About This Calendar

Nothing about this calendar is normal.

Okay, one thing is normal, it has dates. And it marks time. That’s two things.

But it doesn’t start in January, pages don’t correspond with months, and it has no holidays (except Earth Day, duh, it’s a nature calendar).

Yet it has a lot that other calendars miss. Like, any connection at all with a physical experience of time.

A Connection with nature?

From a Calendar?

In days gone by, people marked time with the natural cycles around them that they knew and could predict. To quote Fiddler on the Roof: (sing it with me) “Sunrise, sunset, swiftly fly the years…” Now, we fill in neatly aligned boxes in rectangles.

The calendar we all know and use is called the Gregorian calendar, which divides the exact length of Earth’s orbit around the Sun into 12 mathematically equal portions (to the nearest full day), with leap years thrown in to keep it from drifting by 0.25 days each year. It is all very precise, very efficient, and very practical in many ways.

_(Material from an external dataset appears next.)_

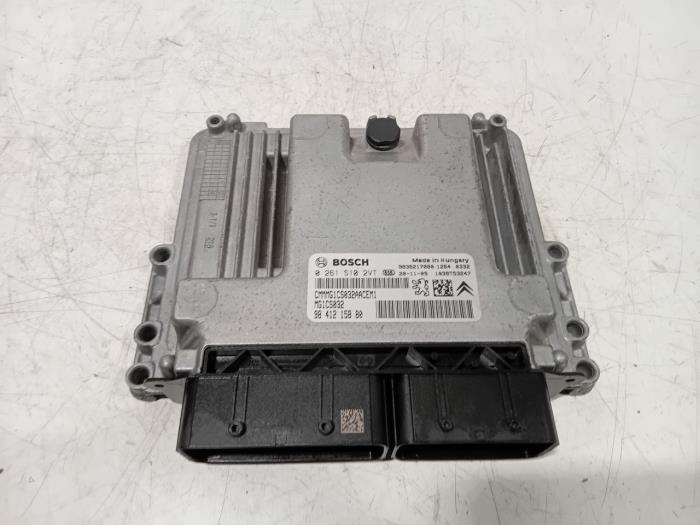 Gebruikte Computer Motormanagement Opel Corsa Prijs € 175,00 Margeregeling aangeboden door Van der Ven Autorecycling B.V.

Yet the way we have come to use it in the modern world lacks any reference to what is going on in the natural world. Today, the most common associations on the internet with the word “season” are about the NBA and March Madness.

By all means, enjoy the holidays, and sports, and the 2019 calendar you already have.

Think of this as an enhancement to your regular calendar. 

And don’t worry, it has all the dates, days of the week, and months that you’re used to, it just presents them differently.

WHAT ELSE IS DIFFERENT?

The Start

The only reason our calendar starts on January 1st is because that was when Roman consuls entered office during the days of the Republic.

But the beginning of the natural year is in spring.

So this calendar begins with the first new moon in spring, on March 6th, 2019, and continues for 13 moons, through the moon cycle ending on March 23rd, 2020.

And each calendar page starts with the new moon, not the month. The dates are close, but not quite the same. 

When you turn the page each month, it will remind you to tune in to the moon cycles. 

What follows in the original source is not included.